**Task to complete**:
An exact, complete copy of the entries below is required, minus any pictures.

═════ Provided records ═════

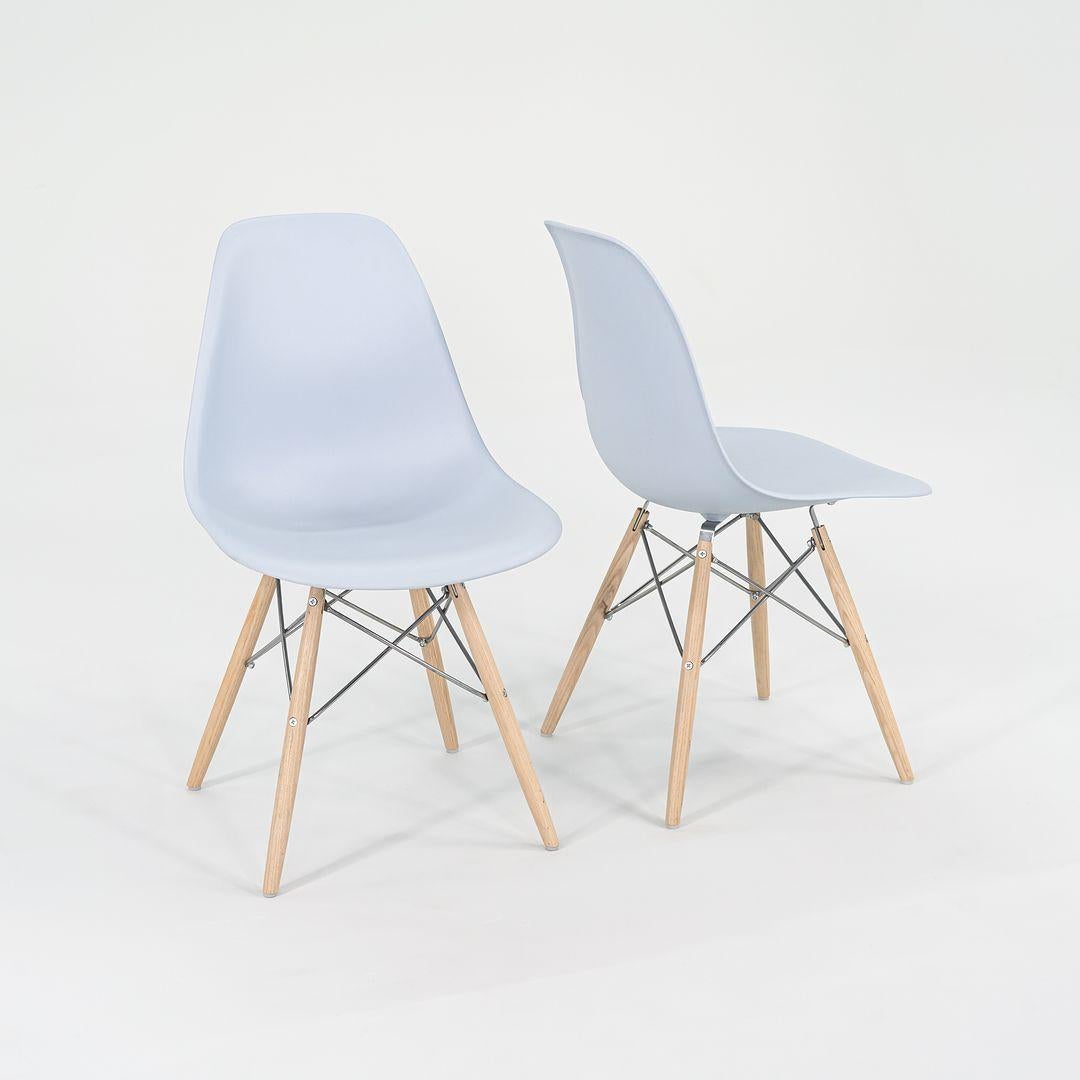 Se trata de un par de sillas auxiliares Eames DSW, diseñadas inicialmente por Ray y Charles Eames para Herman Miller en 1948. Estos ejemplares fueron fabricados por Herman Miller en EE.UU. en 2019, y el precio indicado incluye las dos sillas tal y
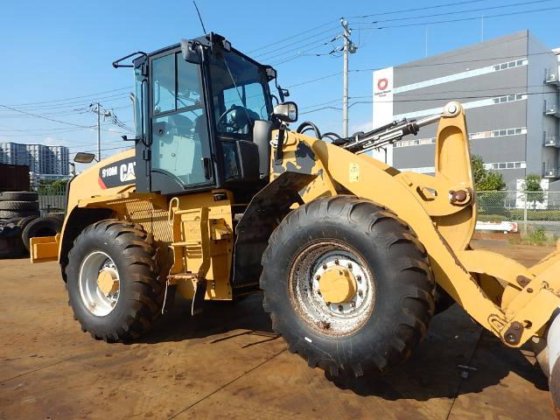 2018年CAT 910M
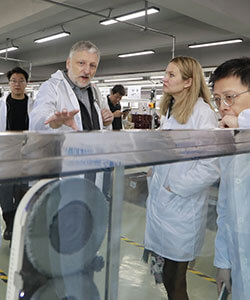 德国在中国合作生产，互拓市场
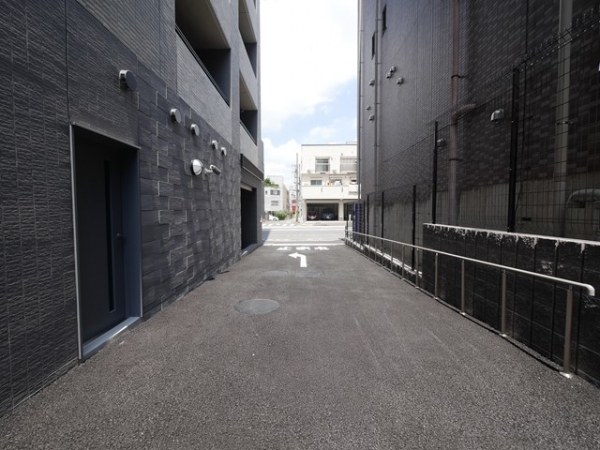 駐車場イメージ3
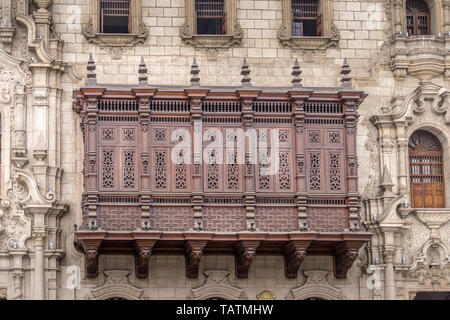Schöne Holz geschnitzt Dekorative Balkon der Palast des Erzbischofs von Lima, der Plaza Mayor, Lima, Peru, Südamerika Stockfoto
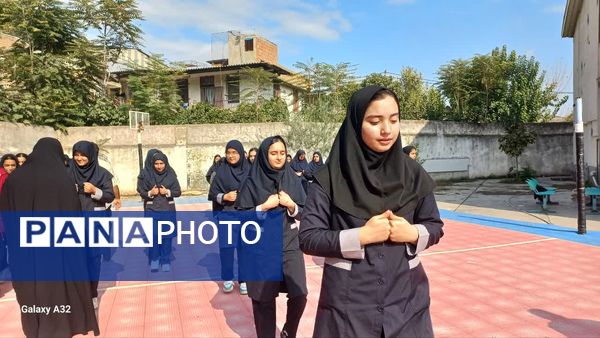 آموزش رژه نظامی برای دختران فاطمی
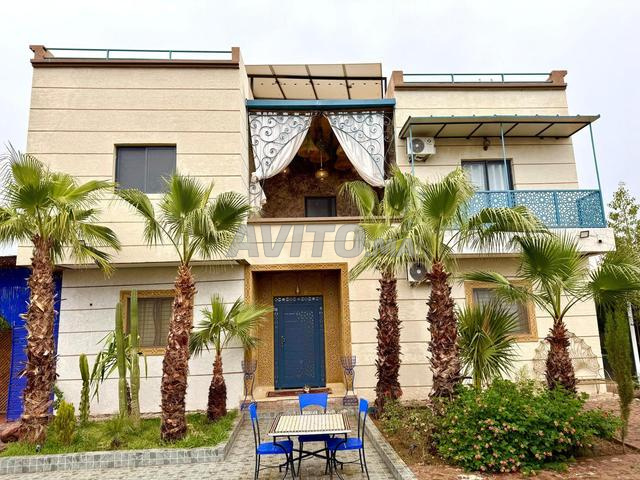 Villa de 1000 m² avec piscine – Rout de Marrkech 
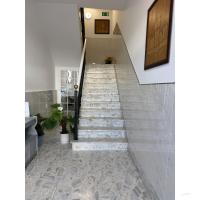 una escalera en una casa con baldosas de piedra en O Castelo, en Palas de Rei 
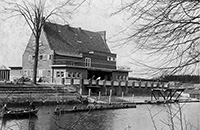 Schwarz-weiß-Foto des alten Freibads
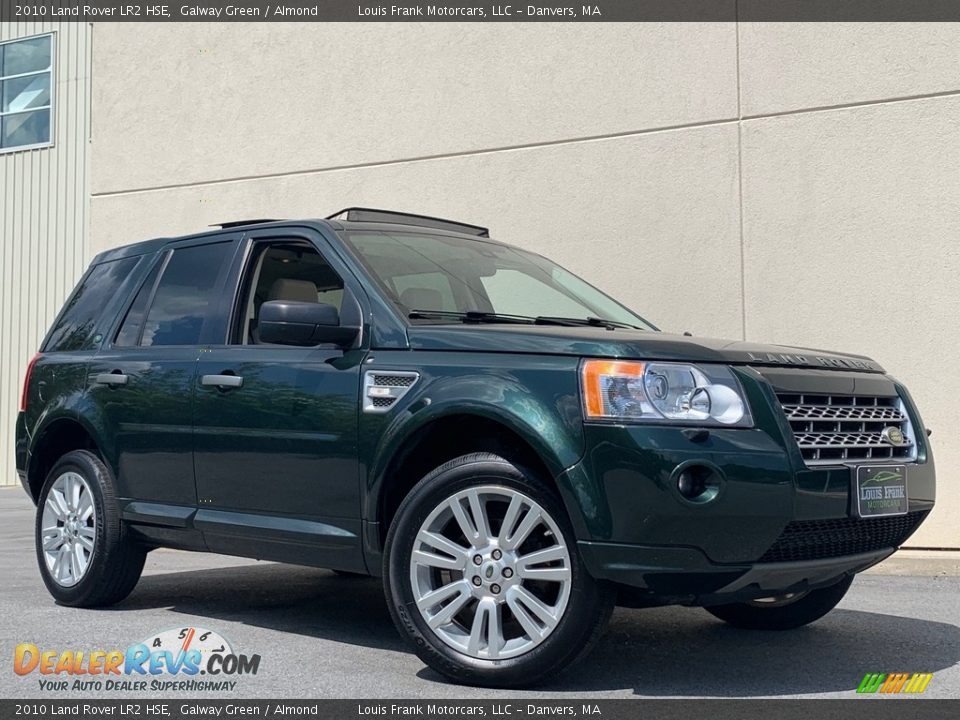 Front 3/4 View of 2010 Land Rover LR2 HSE Photo #2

═════

**Answer to this task**:
 Se trata de un par de sillas auxiliares Eames DSW, diseñadas inicialmente por Ray y Charles Eames para Herman Miller en 1948. Estos ejemplares fueron fabricados por Herman Miller en EE.UU. en 2019, y el precio indicado incluye las dos sillas tal y
 2018年CAT 910M
 德国在中国合作生产，互拓市场
 駐車場イメージ3
Schöne Holz geschnitzt Dekorative Balkon der Palast des Erzbischofs von Lima, der Plaza Mayor, Lima, Peru, Südamerika Stockfoto
 آموزش رژه نظامی برای دختران فاطمی
 Villa de 1000 m² avec piscine – Rout de Marrkech 
 una escalera en una casa con baldosas de piedra en O Castelo, en Palas de Rei 
 Schwarz-weiß-Foto des alten Freibads
 Front 3/4 View of 2010 Land Rover LR2 HSE Photo #2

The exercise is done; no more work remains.